Re: Why are intepreters so slow today

Wayne Throop (throopw%sheol@concert.net)
Sat, 16 Apr 1994 18:14:32 GMT

: From: nagle@netcom.com (John Nagle)
: I need something that can do computation reasonably fast, say no worse
: than 1/10 of the speed of compiled C code. Interpreters have been
: written in that speed range quite often in the past. [.. But when
: interpreters commonly available now are tested, they ..] are slower than
: the C version by factors of greater than 1000. This is excessive.

I think there's a very good reason why such interpreters don't
exist anymore. Their "niche" has eroded away to almost nothing.

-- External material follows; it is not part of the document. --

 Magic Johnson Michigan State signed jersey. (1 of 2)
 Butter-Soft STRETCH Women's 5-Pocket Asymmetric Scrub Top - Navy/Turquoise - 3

Consider: the language families most often implemented in interpreters
nowdays, like the awk family, lisp, perl, python, smalltalk, and so on,
most often provide things like dynamic typing, with automatic
string/numeric conversions, bignums, generic types, and so on. Even
*compiled* code in such languages is generally 1/3 the speed of
floating-point-crunching-in-C, because of all the bounds, type,
conversion, and storage bookkeeping going on that is generally absent in
C (for small-looping-benchmarks anyhows).

Thus, if you are going for speed, it is *very* hard to get within 1/10
the speed of C without going to a bytecoded interpreter, or at least a
threaded interpreter, and probably some pretty sophisticated
translations to get from the textual form of the language to the
interpreted code. It's very hard to get fine-grain performance of
within 1/10 when the stored form of the program is as easy to produce as
a parse tree. As long as you need to go to the trouble to produce a
linear istream anyways, go the rest of the way and *compile* the silly
thing.

The niche for such interpreters used to be a much larger one. Back when
computers didn't have floating point units, and even
more-than-16(or-even-8) bit binary integers were a library call away
(especially for multiplication or division), even the best compilation
didn't give much better results than a threaded interpreter. Once you
linearized the istream into bytecodes, there wasn't as large a gain
to be had by the extra work of native compilation, and further, the
extra work was harder, and involved writing a set of runtime routines
almost as big as a clever interpreter anyways.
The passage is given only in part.